Reference Comparison
Global DINOv2/VLAD retrieval alone gives candidate chunks but not enough precision for AC-2.2. Local matching alone over the whole map is too expensive. The two-stage retrieval+alignment structure matches the operational need.
Conclusion
Use DINOv2-VLAD descriptors with FAISS top-K for conditional candidate retrieval, followed by DISK/ALIKED+LightGlue and OpenCV RANSAC homography for local alignment.
Confidence
Medium-high. API fit is strong; embedded runtime must be profiled.

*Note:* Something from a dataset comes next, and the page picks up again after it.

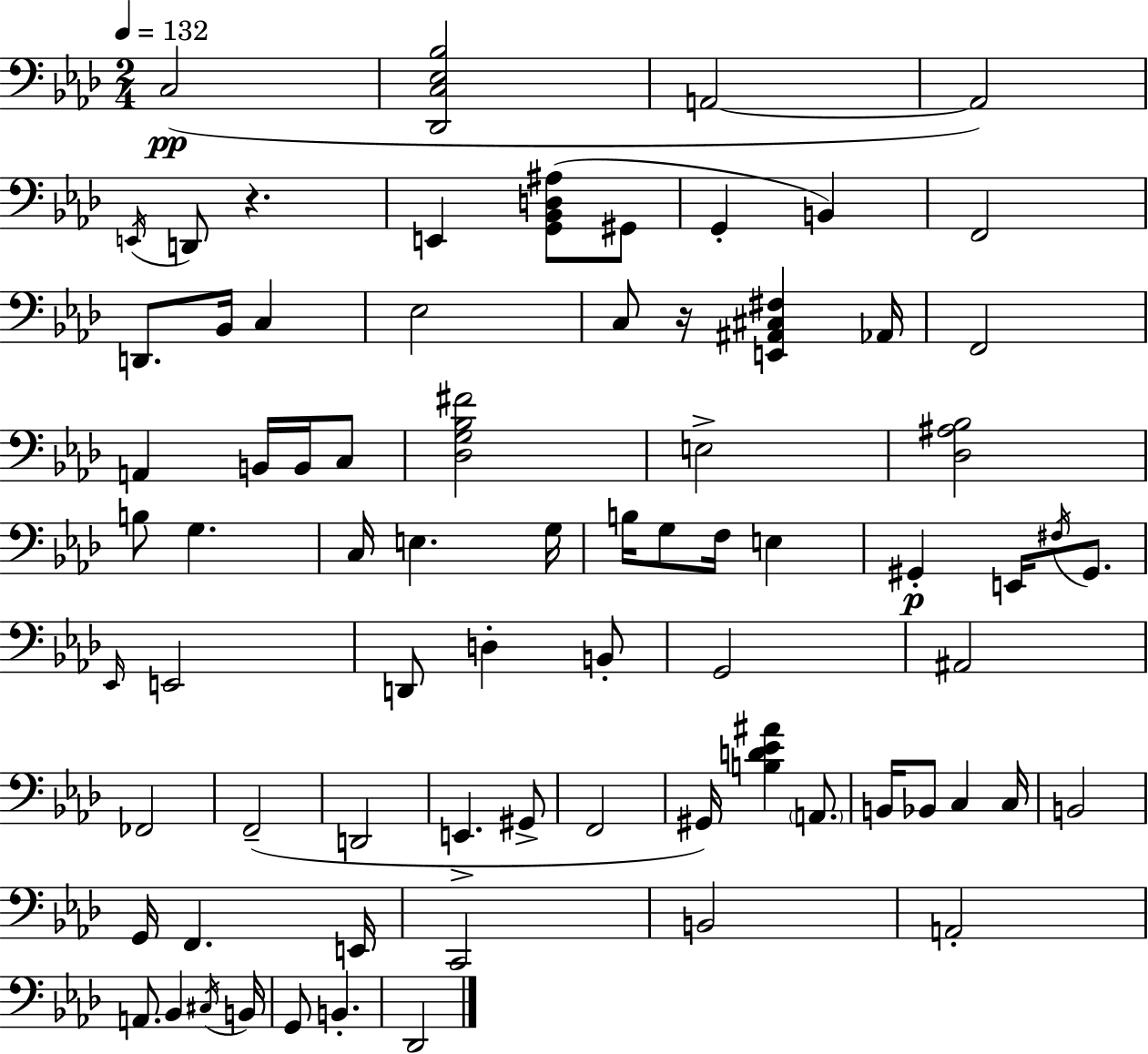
C3/h [Db2,C3,Eb3,Bb3]/h A2/h A2/h E2/s D2/e R/q. E2/q [G2,Bb2,D3,A#3]/e G#2/e G2/q B2/q F2/h D2/e. Bb2/s C3/q Eb3/h C3/e R/s [E2,A#2,C#3,F#3]/q Ab2/s F2/h A2/q B2/s B2/s C3/e [Db3,G3,Bb3,F#4]/h E3/h [Db3,A#3,Bb3]/h B3/e G3/q. C3/s E3/q. G3/s B3/s G3/e F3/s E3/q G#2/q E2/s F#3/s G#2/e. Eb2/s E2/h D2/e D3/q B2/e G2/h A#2/h FES2/h F2/h D2/h E2/q. G#2/e F2/h G#2/s [B3,D4,Eb4,A#4]/q A2/e. B2/s Bb2/e C3/q C3/s B2/h G2/s F2/q. E2/s C2/h B2/h A2/h A2/e. Bb2/q C#3/s B2/s G2/e B2/q. Db2/h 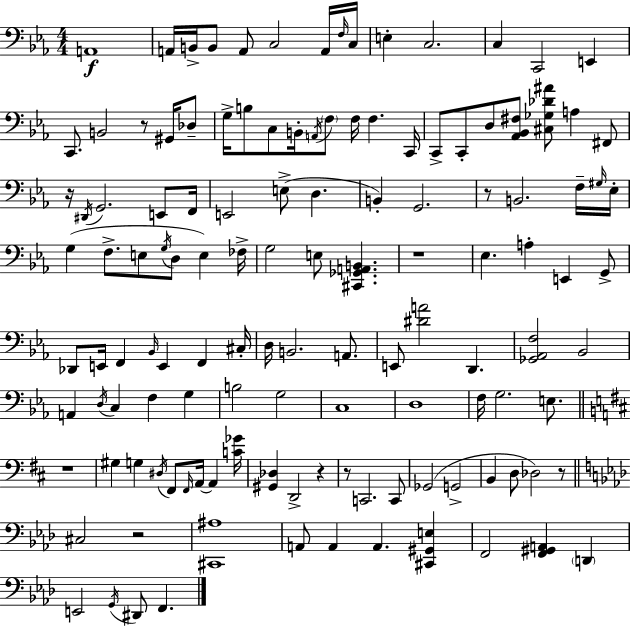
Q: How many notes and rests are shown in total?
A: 127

Dimension 4: Latency And Memory
Fact Confirmation
Some aerial VPR re-ranking methods are too slow for the steady-state path (Fact #3). Jetson Orin Nano Super has 8 GB shared memory and 25 W power mode (Fact #18), with thermal throttling risk (Fact #19).
Reference Comparison
At 3 fps and <400 ms p95, the system can process every frame through lightweight VO/IMU and use heavier VPR only on triggers. Running DINOv2/LightGlue across many candidates per frame would violate the AC unless proven otherwise.
Conclusion
Make VPR conditional, cap top-K by covariance/sector, run descriptor extraction on downsampled/orthorectified crops, precompute cache descriptors offline, and add performance regression tests.
Confidence
High for architecture direction; exact model sizes need profiling.
Dimension 5: Cache Format
Fact Confirmation
COG supports tiled compressed rasters and geospatial tooling (Fact #21). PMTiles is read-efficient but read-only (Fact #20).
Reference Comparison
The onboard system must both read service tiles and write new generated tiles in-flight. A read-only archive is a poor primary mutable store.
Conclusion
Use COG files plus STAC-like manifests/sidecars for imagery and metadata; use FAISS sidecar indexes for descriptors. PMTiles may be an export/snapshot format, not the live mutable cache.
Confidence
High.
Dimension 6: Autopilot Integration
Fact Confirmation
ArduPilot MAVLink GPS input requires GPS1_TYPE=14 (Fact #15). GPS_INPUT carries the fields needed for WGS84 position and accuracy (Fact #16). MAVSDK covers telemetry but raw GPS_INPUT emission still needs pymavlink/raw MAVLink (Fact #14).
Reference Comparison
MAVSDK-only output would not satisfy AC-4.3. Raw pymavlink-only telemetry is possible but gives up MAVSDK's high-level subscriptions.
Conclusion
Use MAVSDK for telemetry subscriptions and pymavlink for GPS_INPUT emission. Verify all failsafe/spoofing behavior in ArduPilot Plane SITL.
Confidence
High for interface; medium for exact Plane failsafe timing until SITL.
Dimension 7: Validation
Fact Confirmation
AerialVL provides aerial localization/reference-map data (Fact #22). EuRoC provides camera+IMU+ground truth but not fixed-wing nadir imagery (Fact #23). The current sample set lacks IMU/ground truth.
Reference Comparison
No single public dataset proves every AC. Public datasets can de-risk components, while final acceptance requires representative synchronized flight/replay data.
Conclusion
Use layered validation: EuRoC for VIO sanity, AerialVL/VPAir-style data for VPR/anchor tests, ArduPilot Plane SITL for MAVLink/failsafe/spoofing, and a final representative flight/replay rig for AC proof.
Confidence
High.
Dimension 8: OpenVINS vs Project-Owned Estimator
Fact Confirmation
OpenVINS is a strong monocular+IMU EKF/MSCKF VIO reference with covariance-aware estimation (Facts #4 and #30). OpenCV supplies calibration, undistortion, homography, RANSAC/USAC, and reprojection-error primitives, but it is not a full estimator by itself (Facts #6 and #31).
Reference Comparison
If the alternative is a naive OpenCV-only VIO stack, OpenVINS is the better technical starting point. The project's actual production choice is different: it needs a project-owned ESKF/mode machine that fuses VO/IMU, accepts/rejects satellite anchors, emits GPS_INPUT, labels every estimate, handles spoofing/blackout, and gates cache write-back.
Conclusion
Keep OpenVINS as a mandatory benchmark/reference implementation, not as the default production dependency. The production estimator remains project-owned, with OpenCV as the geometry utility layer.
Confidence
High. The technical comparison favors OpenVINS over naive custom VIO, while the product fit favors the project-owned estimator.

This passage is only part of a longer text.